We demonstrate that sarcoma is the second most common SMN in pediatric cancer survivors. This suggests the need for a better understanding of the development and prevention of a second sarcoma in childhood cancer survivors. We found a pattern of primary cancers among patients who developed a second sarcoma. This could be attributed to different therapies for patients with different types of primary cancers. Though the incidence of SMNs were reported to decrease in childhood cancer survivors with the time elapsed since primary malignancy diagnosis [43], we observed that pediatric survivors with astrocytomas developed a second sarcoma only after 4.1 years, while patients with Hodgkin lymphomas developed second sarcomas 15.5 years after primary diagnosis. Similar observations were highlighted by Ng A.K. et al. [44]. This supports that primary cancer therapy can influence the rate and timeline of second sarcoma development. Overall, our analysis provides a timeline that physicians can use in managing child cancer survivors.

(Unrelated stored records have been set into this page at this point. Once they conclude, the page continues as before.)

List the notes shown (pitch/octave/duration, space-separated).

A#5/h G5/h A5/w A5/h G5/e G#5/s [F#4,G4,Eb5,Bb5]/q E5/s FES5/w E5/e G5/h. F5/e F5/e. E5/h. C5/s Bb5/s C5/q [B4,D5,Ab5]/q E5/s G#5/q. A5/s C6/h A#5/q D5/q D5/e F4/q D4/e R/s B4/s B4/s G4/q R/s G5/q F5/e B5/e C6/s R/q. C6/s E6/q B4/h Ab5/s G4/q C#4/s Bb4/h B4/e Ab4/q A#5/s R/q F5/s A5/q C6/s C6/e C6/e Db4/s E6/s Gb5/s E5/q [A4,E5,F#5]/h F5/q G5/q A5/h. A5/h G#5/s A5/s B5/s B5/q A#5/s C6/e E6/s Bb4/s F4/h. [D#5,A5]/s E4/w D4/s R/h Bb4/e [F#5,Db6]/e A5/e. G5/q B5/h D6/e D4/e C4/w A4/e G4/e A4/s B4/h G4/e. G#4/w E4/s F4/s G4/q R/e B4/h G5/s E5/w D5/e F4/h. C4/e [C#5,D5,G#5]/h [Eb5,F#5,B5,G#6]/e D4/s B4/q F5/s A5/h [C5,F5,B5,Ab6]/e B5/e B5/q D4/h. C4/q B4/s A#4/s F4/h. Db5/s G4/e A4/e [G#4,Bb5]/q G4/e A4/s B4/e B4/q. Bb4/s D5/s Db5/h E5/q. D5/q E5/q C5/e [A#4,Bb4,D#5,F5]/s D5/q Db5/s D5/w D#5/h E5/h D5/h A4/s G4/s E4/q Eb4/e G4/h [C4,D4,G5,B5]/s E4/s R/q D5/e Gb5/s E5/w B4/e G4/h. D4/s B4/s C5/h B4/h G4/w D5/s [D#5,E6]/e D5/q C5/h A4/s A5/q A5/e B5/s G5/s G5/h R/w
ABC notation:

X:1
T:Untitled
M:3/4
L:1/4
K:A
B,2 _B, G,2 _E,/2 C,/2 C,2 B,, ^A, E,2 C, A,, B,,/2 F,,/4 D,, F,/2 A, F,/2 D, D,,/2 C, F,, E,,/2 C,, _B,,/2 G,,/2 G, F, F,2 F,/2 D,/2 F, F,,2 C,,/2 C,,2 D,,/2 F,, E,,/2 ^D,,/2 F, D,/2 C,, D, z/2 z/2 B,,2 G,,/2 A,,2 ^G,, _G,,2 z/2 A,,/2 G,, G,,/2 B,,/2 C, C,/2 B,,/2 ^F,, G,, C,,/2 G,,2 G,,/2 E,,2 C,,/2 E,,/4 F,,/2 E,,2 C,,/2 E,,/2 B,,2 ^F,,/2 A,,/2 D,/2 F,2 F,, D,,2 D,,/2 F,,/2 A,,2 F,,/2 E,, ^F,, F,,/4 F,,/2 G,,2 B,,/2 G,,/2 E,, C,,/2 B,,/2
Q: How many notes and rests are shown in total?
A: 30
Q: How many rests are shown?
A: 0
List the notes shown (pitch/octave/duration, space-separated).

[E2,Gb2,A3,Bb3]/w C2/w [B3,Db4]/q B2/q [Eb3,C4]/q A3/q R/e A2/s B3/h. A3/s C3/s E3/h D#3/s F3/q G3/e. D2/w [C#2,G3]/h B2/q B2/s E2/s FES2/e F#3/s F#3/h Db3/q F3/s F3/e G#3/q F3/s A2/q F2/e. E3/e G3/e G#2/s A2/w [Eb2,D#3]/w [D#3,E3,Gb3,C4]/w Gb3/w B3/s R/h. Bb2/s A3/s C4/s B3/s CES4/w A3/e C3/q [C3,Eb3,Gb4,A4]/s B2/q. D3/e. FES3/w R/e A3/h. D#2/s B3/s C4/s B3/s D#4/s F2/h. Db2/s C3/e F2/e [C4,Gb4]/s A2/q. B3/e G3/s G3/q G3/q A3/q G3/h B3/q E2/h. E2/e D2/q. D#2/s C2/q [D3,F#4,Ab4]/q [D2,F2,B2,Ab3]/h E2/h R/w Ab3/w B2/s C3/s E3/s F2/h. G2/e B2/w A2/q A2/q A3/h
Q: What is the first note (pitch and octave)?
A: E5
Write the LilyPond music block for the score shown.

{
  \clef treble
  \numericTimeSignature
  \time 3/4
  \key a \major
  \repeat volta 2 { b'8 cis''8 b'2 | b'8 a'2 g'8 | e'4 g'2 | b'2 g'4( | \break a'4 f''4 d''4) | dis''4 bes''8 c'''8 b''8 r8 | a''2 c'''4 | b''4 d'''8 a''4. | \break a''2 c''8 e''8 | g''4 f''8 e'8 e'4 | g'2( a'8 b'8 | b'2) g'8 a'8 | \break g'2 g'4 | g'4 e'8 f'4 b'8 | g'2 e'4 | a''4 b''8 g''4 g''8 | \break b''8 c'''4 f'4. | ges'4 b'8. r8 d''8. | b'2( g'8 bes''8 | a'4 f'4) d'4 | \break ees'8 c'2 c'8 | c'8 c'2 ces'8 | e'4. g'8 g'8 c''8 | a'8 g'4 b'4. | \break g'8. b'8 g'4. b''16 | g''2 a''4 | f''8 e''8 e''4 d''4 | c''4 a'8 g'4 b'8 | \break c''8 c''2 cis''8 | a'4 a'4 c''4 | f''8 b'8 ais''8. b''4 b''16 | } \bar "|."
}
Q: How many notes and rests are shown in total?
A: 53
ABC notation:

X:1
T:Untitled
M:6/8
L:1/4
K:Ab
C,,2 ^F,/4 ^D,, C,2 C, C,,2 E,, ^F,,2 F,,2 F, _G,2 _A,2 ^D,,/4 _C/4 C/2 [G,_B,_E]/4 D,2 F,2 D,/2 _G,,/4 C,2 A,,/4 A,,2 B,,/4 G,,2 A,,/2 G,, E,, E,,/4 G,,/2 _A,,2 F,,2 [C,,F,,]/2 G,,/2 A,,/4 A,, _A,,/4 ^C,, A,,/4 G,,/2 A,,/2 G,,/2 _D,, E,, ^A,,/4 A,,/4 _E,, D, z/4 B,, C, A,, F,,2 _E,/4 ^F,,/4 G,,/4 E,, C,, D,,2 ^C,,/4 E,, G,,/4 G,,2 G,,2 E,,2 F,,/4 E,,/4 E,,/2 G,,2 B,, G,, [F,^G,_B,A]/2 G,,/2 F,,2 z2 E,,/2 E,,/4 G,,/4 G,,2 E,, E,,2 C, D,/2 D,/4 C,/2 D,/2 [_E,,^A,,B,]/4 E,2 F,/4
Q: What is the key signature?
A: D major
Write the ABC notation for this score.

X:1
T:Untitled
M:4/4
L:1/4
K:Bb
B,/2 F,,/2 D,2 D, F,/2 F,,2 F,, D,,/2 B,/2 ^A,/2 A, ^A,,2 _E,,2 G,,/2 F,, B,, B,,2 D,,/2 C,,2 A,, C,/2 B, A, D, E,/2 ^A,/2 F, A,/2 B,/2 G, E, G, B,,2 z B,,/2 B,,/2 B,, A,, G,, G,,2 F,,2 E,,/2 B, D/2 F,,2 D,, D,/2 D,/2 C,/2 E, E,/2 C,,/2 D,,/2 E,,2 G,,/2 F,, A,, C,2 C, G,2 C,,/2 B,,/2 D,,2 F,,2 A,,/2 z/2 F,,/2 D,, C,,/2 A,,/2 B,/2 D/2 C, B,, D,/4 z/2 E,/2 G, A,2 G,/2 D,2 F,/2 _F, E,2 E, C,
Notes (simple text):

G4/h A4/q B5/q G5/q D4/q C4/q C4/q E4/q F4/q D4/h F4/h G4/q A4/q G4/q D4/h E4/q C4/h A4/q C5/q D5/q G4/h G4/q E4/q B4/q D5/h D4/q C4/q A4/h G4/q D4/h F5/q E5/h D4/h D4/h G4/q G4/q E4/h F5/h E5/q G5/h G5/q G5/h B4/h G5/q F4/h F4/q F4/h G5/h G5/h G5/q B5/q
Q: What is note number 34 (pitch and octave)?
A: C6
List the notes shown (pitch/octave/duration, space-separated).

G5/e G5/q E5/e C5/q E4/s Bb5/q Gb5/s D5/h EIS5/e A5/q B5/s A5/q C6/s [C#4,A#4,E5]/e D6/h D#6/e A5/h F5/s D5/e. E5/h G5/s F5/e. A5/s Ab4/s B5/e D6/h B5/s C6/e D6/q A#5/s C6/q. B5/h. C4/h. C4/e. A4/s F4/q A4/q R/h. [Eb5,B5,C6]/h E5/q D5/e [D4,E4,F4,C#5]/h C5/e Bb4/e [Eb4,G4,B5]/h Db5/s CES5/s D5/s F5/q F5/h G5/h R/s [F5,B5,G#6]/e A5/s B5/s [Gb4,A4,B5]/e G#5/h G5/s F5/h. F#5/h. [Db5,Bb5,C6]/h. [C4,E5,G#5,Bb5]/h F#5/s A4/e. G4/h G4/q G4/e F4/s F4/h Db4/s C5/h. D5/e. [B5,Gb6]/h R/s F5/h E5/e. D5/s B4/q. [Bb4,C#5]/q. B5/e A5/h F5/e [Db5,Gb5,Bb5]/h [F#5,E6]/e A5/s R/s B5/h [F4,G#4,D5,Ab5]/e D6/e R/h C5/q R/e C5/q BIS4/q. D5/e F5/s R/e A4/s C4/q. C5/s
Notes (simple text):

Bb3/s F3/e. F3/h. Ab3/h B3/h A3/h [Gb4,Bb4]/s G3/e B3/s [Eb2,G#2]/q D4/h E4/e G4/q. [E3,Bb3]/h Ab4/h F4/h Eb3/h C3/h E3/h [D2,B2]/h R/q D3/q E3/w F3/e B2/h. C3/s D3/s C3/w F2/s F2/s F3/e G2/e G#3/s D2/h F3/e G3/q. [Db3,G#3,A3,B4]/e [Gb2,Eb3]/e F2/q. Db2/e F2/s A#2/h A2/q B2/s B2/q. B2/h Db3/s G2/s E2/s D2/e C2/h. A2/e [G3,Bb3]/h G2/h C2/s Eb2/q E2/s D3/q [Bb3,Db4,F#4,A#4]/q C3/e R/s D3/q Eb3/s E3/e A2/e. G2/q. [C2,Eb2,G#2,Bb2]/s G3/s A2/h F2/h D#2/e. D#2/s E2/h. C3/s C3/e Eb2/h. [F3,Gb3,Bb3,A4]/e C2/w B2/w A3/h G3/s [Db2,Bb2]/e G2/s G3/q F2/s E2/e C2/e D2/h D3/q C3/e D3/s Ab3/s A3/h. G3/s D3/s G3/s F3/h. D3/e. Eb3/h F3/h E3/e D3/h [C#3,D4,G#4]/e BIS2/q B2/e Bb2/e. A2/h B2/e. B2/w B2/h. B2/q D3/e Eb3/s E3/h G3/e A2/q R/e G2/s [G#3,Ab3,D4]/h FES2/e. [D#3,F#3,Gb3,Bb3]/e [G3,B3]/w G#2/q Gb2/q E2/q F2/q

The limitation of our study is the missing link between different therapies and the rate of second sarcoma development. This is due to missing therapeutic and outcome variables in the SEER database. However, we attempted to establish the link of different primary cancers with the rate and timeline of the second sarcoma development. Due to the nature of our analysis, we also used the ICCC3WHO variable to exclude patients who developed a second sarcoma after having sarcoma as a primary cancer. This might limit our ability to pick up patients who truly develop second sarcoma rather than relapsed sarcoma. Still, the number of patients in this category is expected to be very small and would have minimal effect on our results.

7. Conclusions

Second malignancy is a rare, but a devastating complication of cancer treatment. Pediatric cancer outcomes have seen a significant improvement over the last two decades. Cases like this raise serious considerations for clinicians and scientists with regard to the risk of SMN in pediatric cancer survivors. Our study is the first to report a PNET that developed in a pediatric survivor of hepatoblastoma. By analyzing the SEER database, we corroborated previous findings, suggesting that about 1.6% of pediatric cancer survivors develop SMNs, and 14% of those are sarcomas, similar to what the literature reports. The exact etiology of cancer, be it primary predisposition or secondary to exposures, is uncertain. The radiation and chemotherapies used in patients with pediatric cancers are carcinogenic. Our study highlights the impact of SMN in general and sarcoma specifically on the outcome of pediatric cancer survivors. It also emphasizes the need to develop novel non-DNA-damaging or alternate antineoplastic therapies to avoid the long-term potential for the development of an SMN.